Alfabeto Open: F come Friend (social)

“Come ti senti amico, amico fragile,
se vuoi potrò occuparmi un’ora al mese di te” 

[Fabrizio De André, “Amico Fragile”, Volume 8 (1975)]

Lo ammetto: sono un po’ asocial, e vivendo a stretto contatto con la tecnologia, sia per lavoro che soprattutto per passione, non ne vado molto fiero. Ci sono meccanismi “social” che sinceramente non riesco ad apprezzare a fondo, e per questo non riesco a renderli parte integrante della mia vita, delle mie abitudini o del mio modo di vivere la giornata: il concetto di “social amicizia“, ad esempio.

È innegabile che rappresenti il motore fondamentale che ha sancito il successo di una famosa piattaforma, consentendole di essere così efficace ed usata, quindi nulla in contrario. Forse quello che mi convince poco non è tanto il banale paragone tra amicizia vera (fisica) con quella social. Ovvio che non sia paragonabile, non erano neanche queste le intenzioni di chi questo meccanismo l’ha inventato.

Penso che ciò che mi convinca poco sia il concetto di “contributo”, che infatti mi sfugge (al di là del contributo alla celebrità della piattaforma).

Intendo contributo in senso ampio: alla realtà che viviamo, al cambiamento delle cose, a lasciare o tentare di lasciare una traccia, un miglioramento, un senso vero a cosa stiamo facendo. Un concetto per me importante, che giustifica le mie azioni, o almeno quelle grazie a cui la sera riesco a prendere sonno.

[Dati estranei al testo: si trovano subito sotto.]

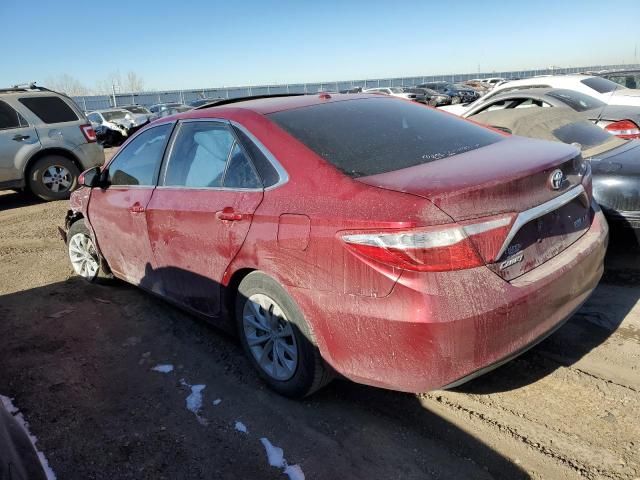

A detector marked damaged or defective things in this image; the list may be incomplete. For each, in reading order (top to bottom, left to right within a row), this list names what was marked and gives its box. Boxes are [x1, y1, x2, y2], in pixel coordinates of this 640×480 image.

wrecked vehicle [86, 109, 146, 146]
wrecked vehicle [62, 93, 608, 398]
wrecked vehicle [470, 107, 640, 246]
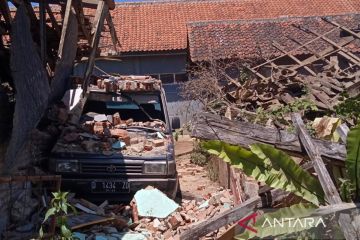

Mi manca cioè l’azione concreta di una persona nei confronti di un’altra, o di un gruppo, o comunque di un’idea, un progetto. In sintesi, non vedo un grosso senso nell’affannarsi a stringere amicizia social con un altro, che spesso nemmeno conosco.

Viceversa, per esperienza diretta so bene che in rete si abbia l’opportunità concreta di dare un “contributo”. Questa possibilità passa però per un altro concetto, quello di community.

Quindi, per tornare al dubbio di prima, quello che mi convince poco sicuramente è il paragone tra stringere una “social amicizia” rispetto a fare parte di una community, e per spiegare questo concetto entra in ballo un altro termine anglosassone, che infatti non è F come Friend ma piuttosto E come Engagement.

Engagement è un motore social e sociale, di cui riconosco l’enorme valore, sia in termini di contributo (progetto, idea ecc.), sia in termini di rapporti (amicizia). Lo chiamo “motore” perché ha la forza di trascinare, spostare, cambiare, far viaggiare… e questa forza è proprio l’azione delle persone, con il loro coinvolgimento attivo ed appassionato.

Engagement diventa naturalmente necessità di vedersi, di incontrarsi (non solo online), di comprendersi e di scambiare, di fare in modo che altri partecipino, tutto affinché questo “contributo” si realizzi.

Ecco allora che il confine tra social e sociale, tra online e fisico, diventa finalmente molto più labile.

Ecco quindi che si incontrano persone, vere. E si incrociano occhi, altri occhi che si illuminano di una luce, la nostra stessa luce, che è altro non è che l’opportunità di fare, creare, co-progettare, contribuire con passione ad un obiettivo condiviso.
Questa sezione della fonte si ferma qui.